Task directions: From the entries that follow, reproduce exactly and only the lines from the line with "Lustre Art déco" to the line with "खत्म हो चुका है", endpoints included.

Exercise data:
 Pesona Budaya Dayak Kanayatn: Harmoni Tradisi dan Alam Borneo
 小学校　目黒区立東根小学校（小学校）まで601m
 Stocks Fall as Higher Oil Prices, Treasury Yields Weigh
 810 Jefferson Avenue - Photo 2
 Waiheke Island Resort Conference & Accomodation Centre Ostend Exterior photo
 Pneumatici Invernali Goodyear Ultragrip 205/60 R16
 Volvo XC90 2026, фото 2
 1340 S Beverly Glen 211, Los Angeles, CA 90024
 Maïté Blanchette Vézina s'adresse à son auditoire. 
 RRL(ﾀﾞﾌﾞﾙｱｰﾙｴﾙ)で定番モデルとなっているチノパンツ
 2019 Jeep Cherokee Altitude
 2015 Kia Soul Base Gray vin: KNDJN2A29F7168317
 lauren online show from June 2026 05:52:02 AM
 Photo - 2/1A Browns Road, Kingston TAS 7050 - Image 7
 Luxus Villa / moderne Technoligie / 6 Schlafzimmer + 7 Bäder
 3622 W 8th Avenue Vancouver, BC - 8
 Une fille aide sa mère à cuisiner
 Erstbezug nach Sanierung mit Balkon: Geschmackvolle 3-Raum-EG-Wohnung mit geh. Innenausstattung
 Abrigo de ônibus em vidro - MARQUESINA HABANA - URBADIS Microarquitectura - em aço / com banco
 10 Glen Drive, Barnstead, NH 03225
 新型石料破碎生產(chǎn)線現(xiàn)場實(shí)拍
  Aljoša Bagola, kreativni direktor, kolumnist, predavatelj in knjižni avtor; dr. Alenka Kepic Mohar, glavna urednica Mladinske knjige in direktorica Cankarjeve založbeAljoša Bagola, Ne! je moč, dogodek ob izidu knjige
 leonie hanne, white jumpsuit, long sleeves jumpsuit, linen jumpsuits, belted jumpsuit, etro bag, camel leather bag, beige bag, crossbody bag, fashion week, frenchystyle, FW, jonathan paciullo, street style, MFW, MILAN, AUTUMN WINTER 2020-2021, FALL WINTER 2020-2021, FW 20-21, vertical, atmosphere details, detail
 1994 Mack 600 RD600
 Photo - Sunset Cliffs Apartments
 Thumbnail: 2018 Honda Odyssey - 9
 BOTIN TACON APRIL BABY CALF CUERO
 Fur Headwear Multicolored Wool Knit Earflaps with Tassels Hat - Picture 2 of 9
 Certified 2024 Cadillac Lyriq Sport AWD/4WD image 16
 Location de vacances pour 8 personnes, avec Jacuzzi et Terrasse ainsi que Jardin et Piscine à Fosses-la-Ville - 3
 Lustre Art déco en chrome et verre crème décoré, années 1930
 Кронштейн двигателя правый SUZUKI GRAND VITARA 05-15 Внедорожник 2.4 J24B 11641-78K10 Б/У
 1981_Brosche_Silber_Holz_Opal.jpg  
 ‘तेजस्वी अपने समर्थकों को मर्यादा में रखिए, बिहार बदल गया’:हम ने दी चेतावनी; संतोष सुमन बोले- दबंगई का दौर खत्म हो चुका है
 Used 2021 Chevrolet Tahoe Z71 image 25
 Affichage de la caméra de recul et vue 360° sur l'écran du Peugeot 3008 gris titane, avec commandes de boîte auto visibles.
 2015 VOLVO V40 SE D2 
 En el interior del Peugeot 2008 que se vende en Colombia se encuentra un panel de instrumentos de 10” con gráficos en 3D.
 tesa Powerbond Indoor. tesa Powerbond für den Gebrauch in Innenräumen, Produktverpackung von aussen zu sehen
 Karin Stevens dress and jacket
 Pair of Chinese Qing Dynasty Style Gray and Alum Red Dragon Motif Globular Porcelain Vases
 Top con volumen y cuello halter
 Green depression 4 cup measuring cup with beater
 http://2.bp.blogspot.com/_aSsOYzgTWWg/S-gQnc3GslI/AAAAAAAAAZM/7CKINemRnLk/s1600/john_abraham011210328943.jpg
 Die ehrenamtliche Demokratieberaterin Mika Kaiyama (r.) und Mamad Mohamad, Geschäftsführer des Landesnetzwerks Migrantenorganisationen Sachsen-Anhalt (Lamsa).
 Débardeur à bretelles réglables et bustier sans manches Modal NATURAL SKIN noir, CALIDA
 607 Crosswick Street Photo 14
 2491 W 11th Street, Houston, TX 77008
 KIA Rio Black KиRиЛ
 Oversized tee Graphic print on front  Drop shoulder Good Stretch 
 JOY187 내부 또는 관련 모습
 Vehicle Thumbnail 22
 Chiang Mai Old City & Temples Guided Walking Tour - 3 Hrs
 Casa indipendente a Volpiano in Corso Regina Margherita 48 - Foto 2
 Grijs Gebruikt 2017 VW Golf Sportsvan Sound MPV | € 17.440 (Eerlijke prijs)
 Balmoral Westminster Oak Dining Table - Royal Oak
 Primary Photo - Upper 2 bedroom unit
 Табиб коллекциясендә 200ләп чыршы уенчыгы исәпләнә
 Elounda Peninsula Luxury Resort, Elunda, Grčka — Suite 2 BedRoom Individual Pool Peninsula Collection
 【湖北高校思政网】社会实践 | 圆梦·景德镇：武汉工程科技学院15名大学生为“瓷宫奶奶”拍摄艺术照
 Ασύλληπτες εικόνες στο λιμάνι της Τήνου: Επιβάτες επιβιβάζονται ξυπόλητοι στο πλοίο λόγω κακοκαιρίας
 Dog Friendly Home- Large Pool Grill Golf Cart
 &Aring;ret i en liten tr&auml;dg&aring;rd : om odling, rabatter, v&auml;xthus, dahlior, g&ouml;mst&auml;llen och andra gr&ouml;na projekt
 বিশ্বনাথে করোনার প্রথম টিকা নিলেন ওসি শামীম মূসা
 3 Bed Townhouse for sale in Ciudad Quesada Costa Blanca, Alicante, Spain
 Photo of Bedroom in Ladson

Output for this exercise:
 Lustre Art déco en chrome et verre crème décoré, années 1930
 Кронштейн двигателя правый SUZUKI GRAND VITARA 05-15 Внедорожник 2.4 J24B 11641-78K10 Б/У
 1981_Brosche_Silber_Holz_Opal.jpg  
 ‘तेजस्वी अपने समर्थकों को मर्यादा में रखिए, बिहार बदल गया’:हम ने दी चेतावनी; संतोष सुमन बोले- दबंगई का दौर खत्म हो चुका है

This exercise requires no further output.